Question de Mme MORIN-DESAILLY Catherine (Seine-Maritime - UC) publiée le 14/10/2021

Question posée en séance publique le 13/10/2021

M. le président. La parole est à Mme Catherine Morin-Desailly, pour le groupe Union Centriste. (Applaudissements sur les travées du groupe UC.)

Mme Catherine Morin-Desailly. Ma question s'adresse à M. le Premier ministre.

Monsieur le Premier ministre, notre groupe a interrogé le Gouvernement à plusieurs reprises sur la souveraineté des données de nos concitoyens, notamment lorsque nous avons découvert que la gestion du Health Data Hub, la plateforme de nos données de santé, avait été confiée à Microsoft sans débat ni appel d'offres.

Au prétexte qu'aucune entreprise française ne serait apte, ce qui est faux, et qu'il faut rattraper notre retard, plutôt que de mener une politique industrielle offensive visant l'indépendance technologique, vous avez annoncé une nouvelle doctrine – le cloud dit « de confiance » – et incité les sociétés françaises à acheter sous licences les technologies des Gafam (Google, Apple, Facebook, Amazon, Microsoft) pour traiter nos données les plus sensibles.

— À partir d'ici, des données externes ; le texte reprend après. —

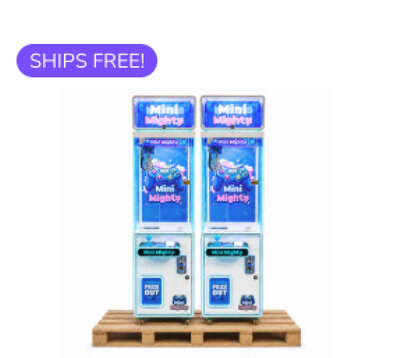 Mini Mighty claw machine pallet special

Le 2 juin, au lendemain de l'accord entre Microsoft, Orange et Capgemini, je vous interpellais déjà sur cette stratégie, qui nous paraît être un contresens. Je vous interroge de nouveau aujourd'hui sur le récent accord entre Thalès et Google, lequel est très préoccupant.

Mes chers collègues, c'est non plus seulement la « gafamisation » de nos administrations qui est en cours, mais celle du complexe militaro-industriel français, donc de notre défense, de la sécurité de l'État et des organismes d'importance vitale ! (Applaudissements sur les travées du groupe UC, ainsi que sur des travées du groupe CRCE.)


Réponse du Secrétariat d'État auprès des ministres de l'économie, des finances et de la relance, et de la cohésion des territoires et des relations avec les collectivités territoriales, chargé de la transition numérique et des communications électroniques publiée le 14/10/2021

Réponse apportée en séance publique le 13/10/2021

M. le président. La parole est à M. le secrétaire d'État chargé de la transition numérique et des communications électroniques.

M. Cédric O, secrétaire d'État auprès du ministre de l'économie, des finances et de la relance et de la ministre de la cohésion des territoires et des relations avec les collectivités territoriales, chargé de la transition numérique et des communications électroniques. Madame la sénatrice Morin-Desailly, je répéterai ici ce qu'a dit hier le Président de la République de manière extrêmement claire : l'objectif du Gouvernement est de faire émerger des champions technologiques français. Tel est le sens de notre action depuis quatre ans.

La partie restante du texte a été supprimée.